Overview
This was the workbench, not the product. The question was simple to ask and annoying to answer: which statistical measures actually distinguish a meaningful absence pattern from random noise? Rather than guess, the approach was to generate synthetic attendance data with known patterns baked in, then throw candidate functions at it and see which ones reliably told consecutive absences apart from scattered ones.
It's the prototyping layer that fed the Student Absence Anomaly Detection tool -; the place where the math got argued with before it got shipped.
Background
The honest reason this exists as its own entry: most of the value of the absence work was in the experimentation, not the final detector. Using AI as a fast collaborator made it cheap to test a hypothesis, look at the result, and throw the idea out within minutes -; which is exactly what you want when you're hunting for the right statistical signal and have no idea up front which one it'll be.
Synthetic datasets mattered here because real attendance data is messy and privacy-laden. Generating data with a known ground truth meant you could actually measure whether a function was picking up the pattern you planted or just hallucinating one.
How It Works
The loop: build a synthetic dataset with a deliberate pattern, compute a candidate measure across it, check whether the measure separated the planted signal from the control, keep or discard. Iterating this way surfaced the period-weighting, non-consecutivity, and spread measures that later anchored the production detector.

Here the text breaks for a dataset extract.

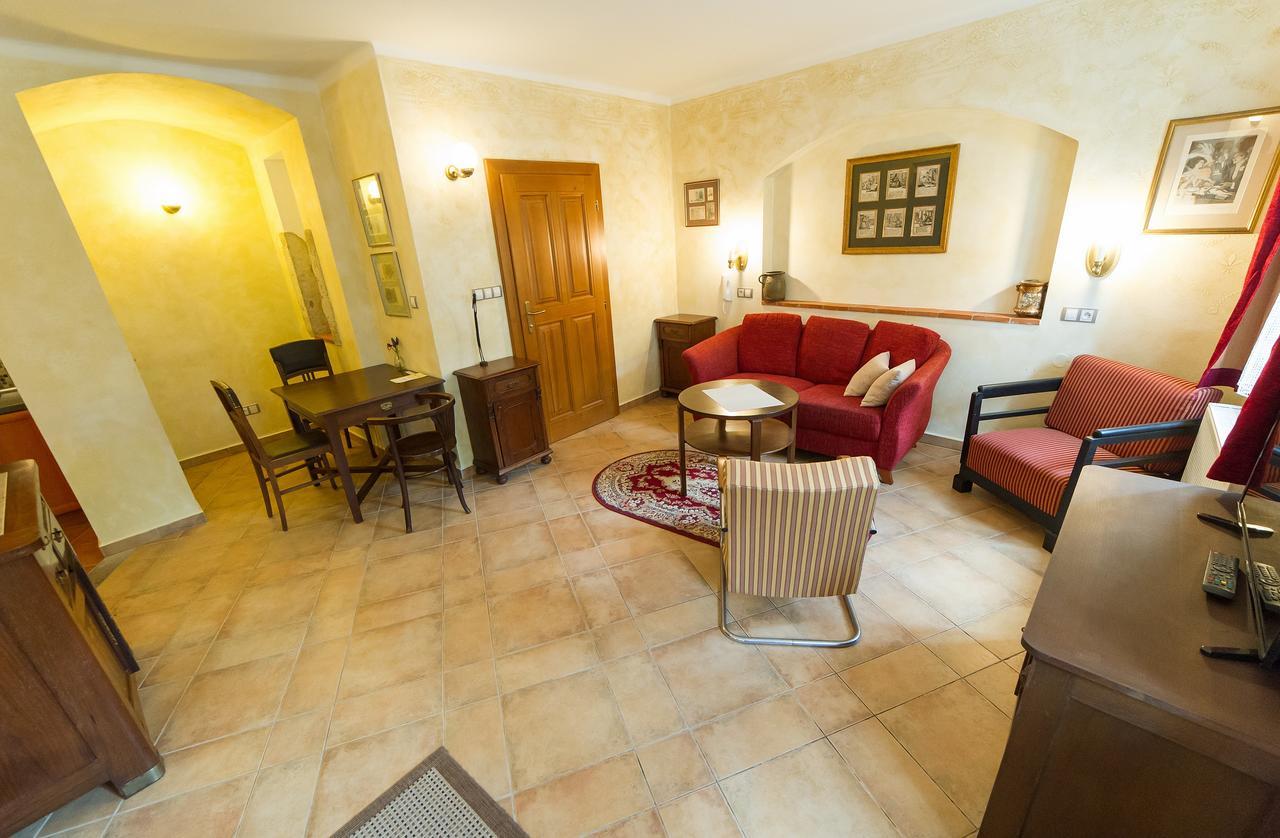U Zvonu Apartments Český Krumlov Esterno foto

An attendance reformatter sat alongside this work as the practical data-prep step -; a browser-based tool (JavaScript, PapaParse, Lodash) that turns raw one-row-per-period exports into the consolidated one-row-per-student-day format the analysis expects.
Current Status
Archived as a Summer 2025 effort. It did its job -; the useful functions graduated into the absence detector -; so there's nothing more to do here. It's preserved as the record of how that detector's math got found.
- Statistical functions for consecutive-vs-scattered absence discrimination, validated on synthetic data.
- Browser-based attendance reformatter for data prep (drag-drop, client-side, CSV out).
- Outputs folded into Student Absence Anomaly Detection; closed out as a prototype.